Lines from the one containing "19 Myrtle Court, Palm Beach QLD 4221" through the end of the material are to be retyped exactly; do not copy pictures.

**Data segment**
*** Begin section ***

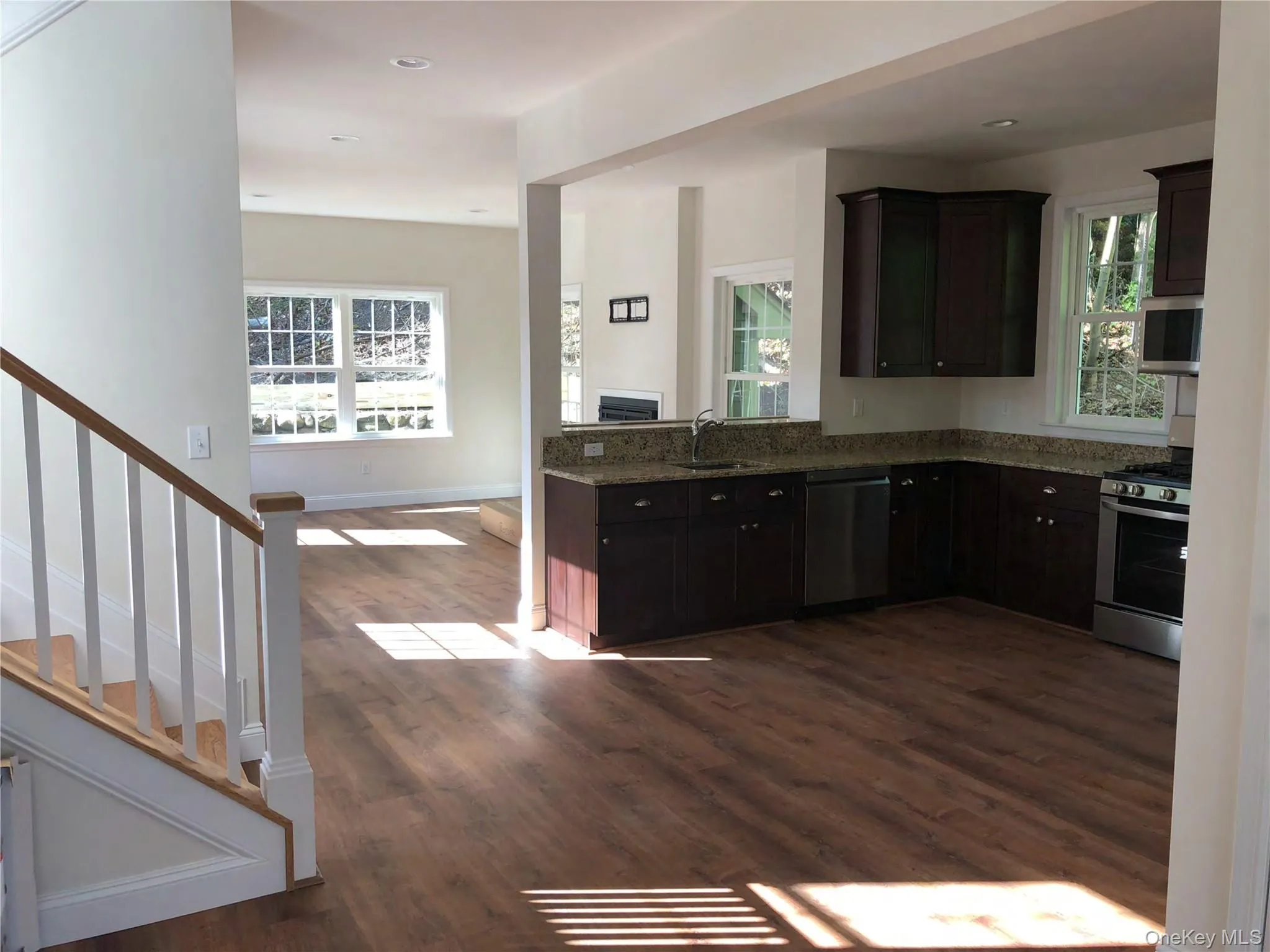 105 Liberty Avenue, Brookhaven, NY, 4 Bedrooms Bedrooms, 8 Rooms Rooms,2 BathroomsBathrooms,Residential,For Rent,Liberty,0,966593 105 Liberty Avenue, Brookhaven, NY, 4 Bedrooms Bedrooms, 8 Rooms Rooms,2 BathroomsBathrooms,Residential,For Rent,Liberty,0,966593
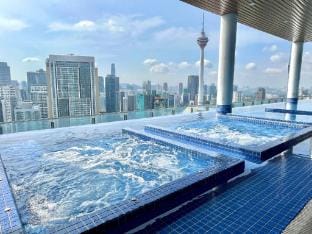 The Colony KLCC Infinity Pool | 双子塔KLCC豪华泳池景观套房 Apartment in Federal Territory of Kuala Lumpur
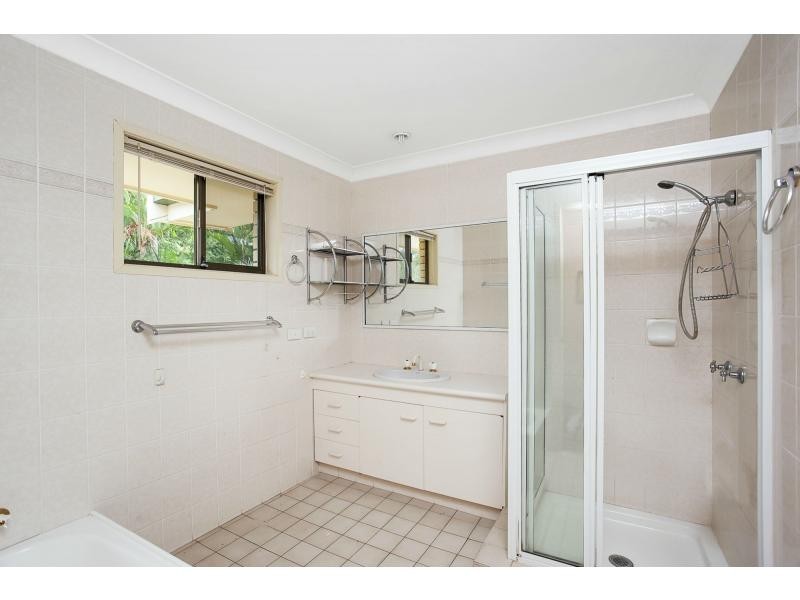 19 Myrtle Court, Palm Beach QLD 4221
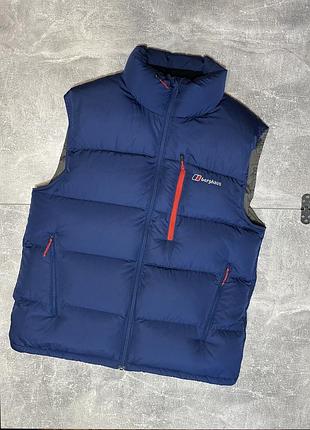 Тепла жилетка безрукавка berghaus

*** End section ***

**Exercise solution**
 19 Myrtle Court, Palm Beach QLD 4221
 Тепла жилетка безрукавка berghaus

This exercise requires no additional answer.